Svetitskhoveli Cathedral’s current structure was built about a thousand years ago in Mtskheta, near Georgia’s capital of Tbilisi. (photo: Michael La Civita)

It did not take me long upon arriving in the Georgian capital of Tbilisi on Saturday to feel as though I had come upon a different land in a different era, as if I were suddenly transported to J. R. R. Tolkien’s Middle Earth.

Mountains are capped with castles and chapels. Villages huddle close together on the mountainsides. Stone churches, seemingly hewn from the rock, ambitiously rise to the heavens. Church bells summon the faithful. Wood fires and burning brown charcoal permeate the air.
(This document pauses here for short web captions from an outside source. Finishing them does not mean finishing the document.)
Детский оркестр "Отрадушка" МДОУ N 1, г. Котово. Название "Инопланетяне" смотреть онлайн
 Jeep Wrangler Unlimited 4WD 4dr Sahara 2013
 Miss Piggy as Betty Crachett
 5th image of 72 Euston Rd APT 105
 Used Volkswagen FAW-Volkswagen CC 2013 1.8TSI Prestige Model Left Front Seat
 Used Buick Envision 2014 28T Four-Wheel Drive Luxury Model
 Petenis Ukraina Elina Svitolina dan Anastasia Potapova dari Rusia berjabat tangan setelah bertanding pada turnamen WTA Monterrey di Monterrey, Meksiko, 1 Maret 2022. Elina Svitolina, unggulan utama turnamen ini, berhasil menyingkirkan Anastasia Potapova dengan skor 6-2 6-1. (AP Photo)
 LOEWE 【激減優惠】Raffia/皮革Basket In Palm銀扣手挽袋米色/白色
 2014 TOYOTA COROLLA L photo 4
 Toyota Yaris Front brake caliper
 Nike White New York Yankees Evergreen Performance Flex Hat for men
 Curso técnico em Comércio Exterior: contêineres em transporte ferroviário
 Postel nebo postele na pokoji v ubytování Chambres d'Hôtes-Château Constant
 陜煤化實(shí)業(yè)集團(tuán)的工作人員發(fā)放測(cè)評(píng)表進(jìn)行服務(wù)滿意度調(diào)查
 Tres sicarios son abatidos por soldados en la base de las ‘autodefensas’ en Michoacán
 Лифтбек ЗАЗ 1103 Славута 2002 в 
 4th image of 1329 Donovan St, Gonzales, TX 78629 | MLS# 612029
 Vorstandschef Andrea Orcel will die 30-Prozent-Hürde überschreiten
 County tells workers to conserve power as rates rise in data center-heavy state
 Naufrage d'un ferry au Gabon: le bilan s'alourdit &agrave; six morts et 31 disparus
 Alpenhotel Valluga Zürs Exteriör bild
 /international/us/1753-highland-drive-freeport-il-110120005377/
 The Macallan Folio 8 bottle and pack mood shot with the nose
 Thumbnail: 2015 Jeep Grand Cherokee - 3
Police sirens, automobiles and celebrating teenagers dressed in the universal uniform of jeans and black sweaters, however, grounded me in the 21st century.

“But where am I?” I thought. “Is this Asia or Europe? East or West?”

On Sunday, my colleague Thomas Varghese and I attended Mass in the restored 19th-century Catholic cathedral dedicated to the Assumption of the Blessed Virgin Mary. The neo-Gothic church, the statues of the Little Flower and St. Joseph, and the familiar melodies were comforting. Yet the great choir, dominated by a formidable contralto and mezzo-soprano, sang in a language barely penetrable.

We began our journey through Middle Earth in earnest in the ancient Georgian capital of Mtskheta (pronounced “Skayta”).

Set at the confluence of two rivers and surrounded by mountains, this has been Georgia’s spiritual center for some 3,000 years.

High above the town, the sixth-century Jvari Church crowns a mountaintop. An impressive structure, it employs certain architectural techniques contemporary with the great churches of Constantinople and in advance — 500 years or so — of the Romanesque churches of Italy and western Europe.


Down below, dominating the town is the Cathedral of the Life-Giving Column. Sounds pagan? Therein lies a legend.

The structure dates to a fourth-century Christian king, Mirian III, who ordered the church to be built over a Zoroastrian temple after heeding the words of a missionary named Nino. Armenian, Byzantine, Georgian, Greek and Latin sources all indicate that, in circa 300, Nino, a woman from Cappadocia, left Jerusalem for the ancient Georgian kingdom of Kartli in search of the robe from Christ’s crucifixion.

“Equal to the apostles,” as Georgians revere her today, St. Nino worked primarily among the kingdom’s Jews, who were her first disciples. Written about a century after her death, “The Life of St. Nino” records the close relationship that existed between Nino and the Jews of Mtskheta (the capital of Kartli), as well as between the churches of Georgia and Jerusalem. It also details the conversion of King Mirian III, his establishment of Christianity as the faith of the kingdom and the erection of the shrine in Mtskheta to house the robe of Christ, known as the Cathedral of Svetitskhoveli, or the “life-giving pillar.”

As we approached the cathedral, bells and bongs in an ominous rhythm deafened us. The sights and sounds here were unlike anything I had experienced.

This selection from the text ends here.